The new app brings with it a new icon. Since the early days, YouTube always rocked the black You, followed by the white Tube in a rounded red rectangle. Now, the logo features a red play button—the company's most iconic signifier—next to the word YouTube.

On desktop, the new design updates the look more than it changes the experience. Instead of the white boxes on gray backgrounds, you choose between a clean white display or a new dark, cinematic theme, each with new, simplified typography. The whole page breathes a little better than before, and the new look hues to Google's Material Design guidelines.

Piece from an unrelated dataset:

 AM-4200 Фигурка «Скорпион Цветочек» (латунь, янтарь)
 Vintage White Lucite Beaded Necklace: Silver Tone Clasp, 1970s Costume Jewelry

The whole point of the redesign is to take YouTube out of your experience on YouTube. You should be focused only on the video you're watching, not the UI around it or the recommendation engine behind it. (Definitely not the server load you're causing with a 40th view of "Look What You Made Me Do.") These changes feel like a real step in that direction. It gets the cruft out of the way, makes more kinds of videos feel native, and even helps you find new stuff to watch. Throw on Dark Theme, and undead T-Swift feels even more dramatic.

YouTube says the new products are built on a new framework that enables the team to build new stuff even faster. Given that everything about video changes constantly, they'll need to. People are recording, streaming, watching, commenting, and searching in new ways. YouTube can only be the biggest thing in online video as long as it can keep up.